Only what runs from the line with "307 Highland Avenue, Dewitt, NY 13057" to the end of the data should appear in the answer, exactly as written and without pictures.

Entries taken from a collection

————

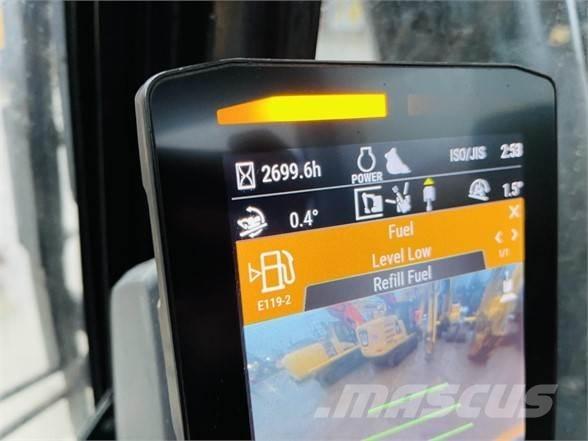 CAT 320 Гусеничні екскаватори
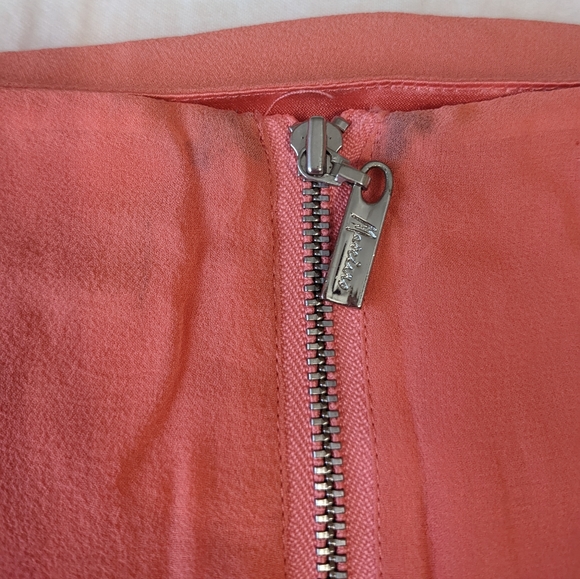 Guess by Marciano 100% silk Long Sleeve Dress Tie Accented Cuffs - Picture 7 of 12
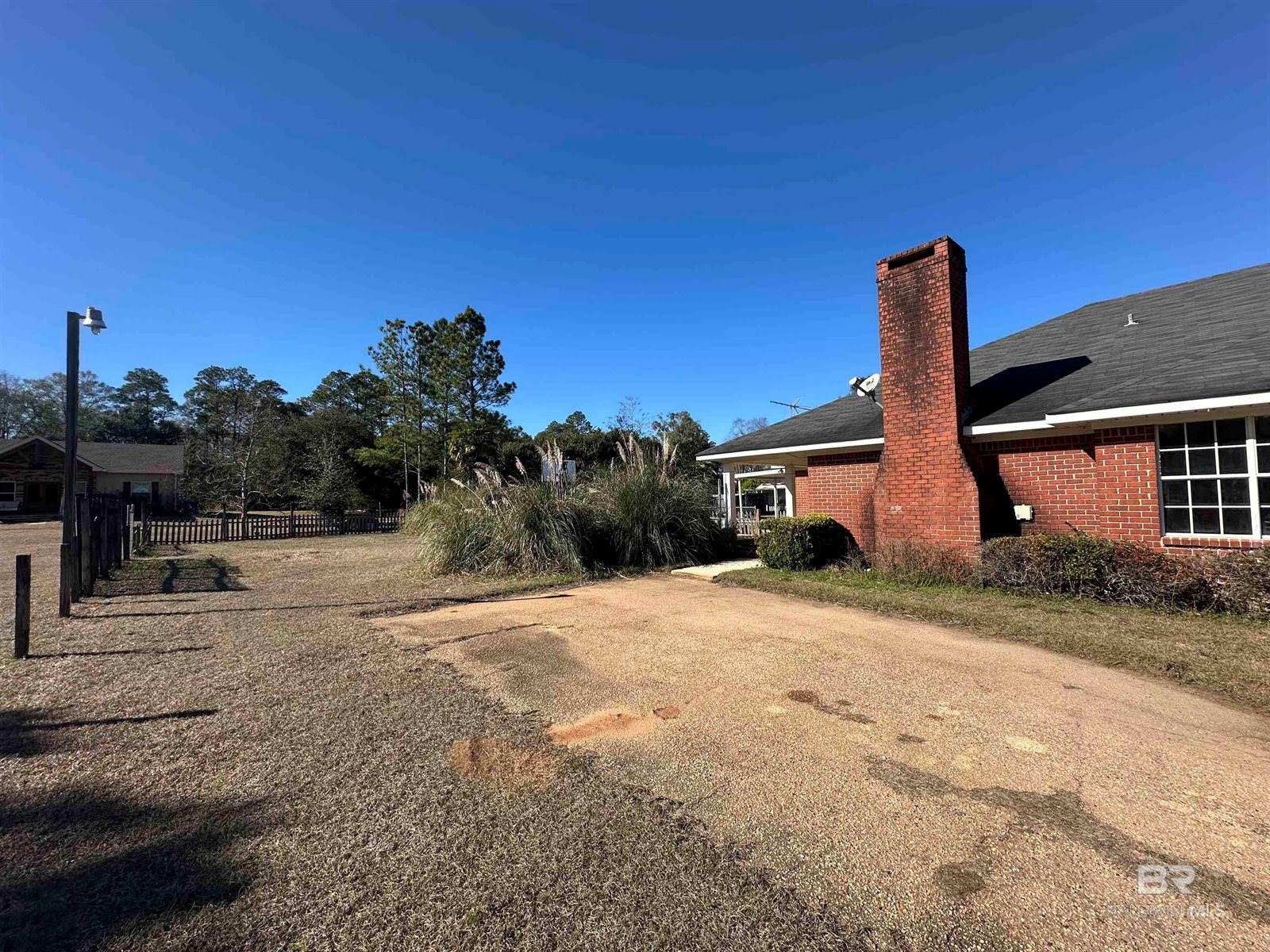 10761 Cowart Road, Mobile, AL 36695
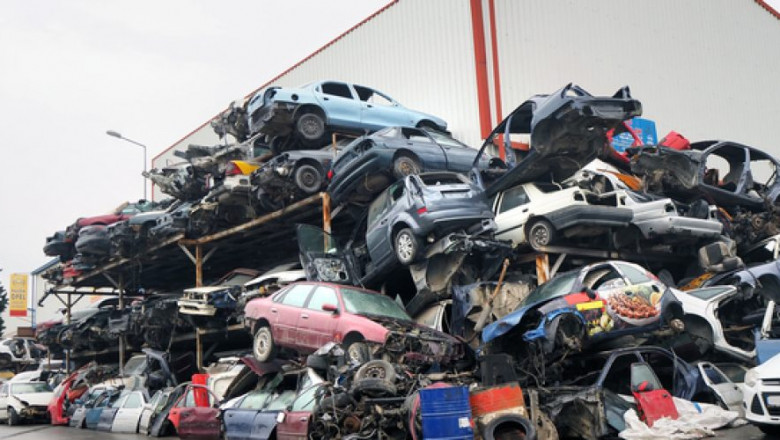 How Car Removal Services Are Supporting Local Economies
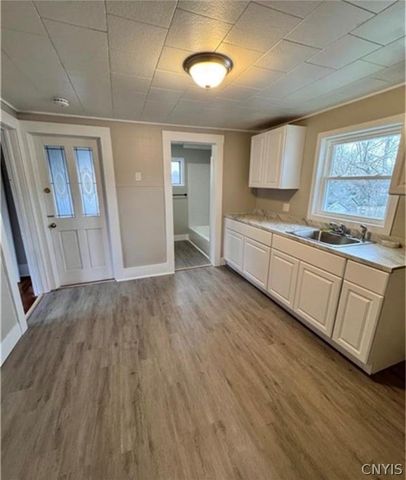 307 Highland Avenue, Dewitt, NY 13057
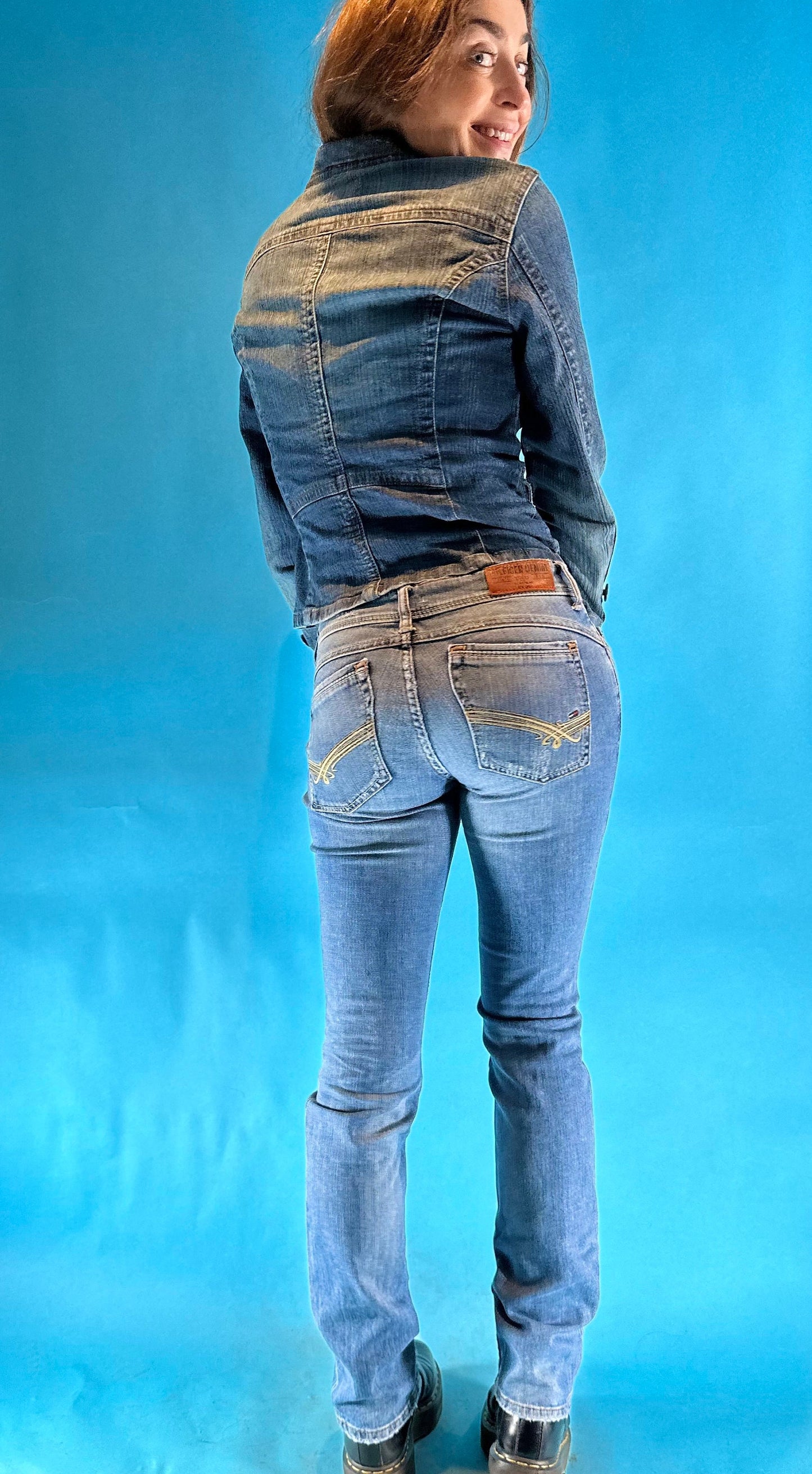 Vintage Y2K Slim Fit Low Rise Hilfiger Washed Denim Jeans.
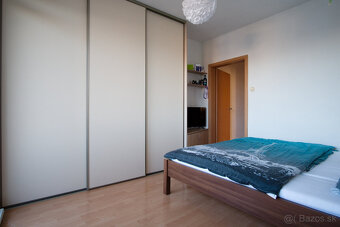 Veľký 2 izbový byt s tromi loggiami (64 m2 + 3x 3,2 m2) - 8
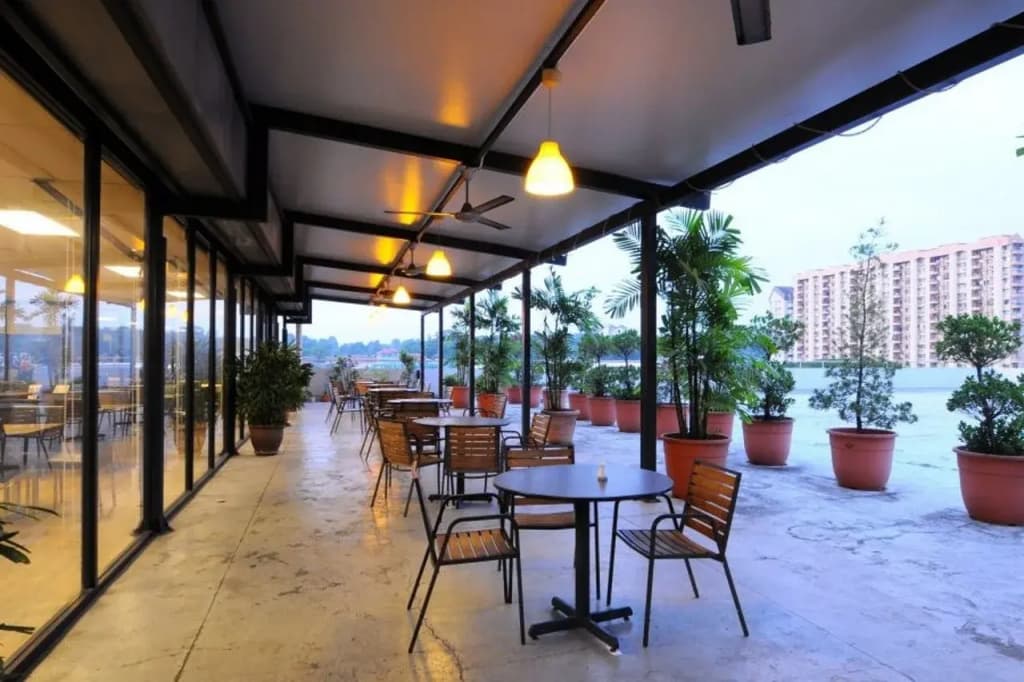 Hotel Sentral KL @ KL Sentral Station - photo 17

————

| RESPONSE TO THIS EXERCISE |
 307 Highland Avenue, Dewitt, NY 13057
 Vintage Y2K Slim Fit Low Rise Hilfiger Washed Denim Jeans.
 Veľký 2 izbový byt s tromi loggiami (64 m2 + 3x 3,2 m2) - 8
 Hotel Sentral KL @ KL Sentral Station - photo 17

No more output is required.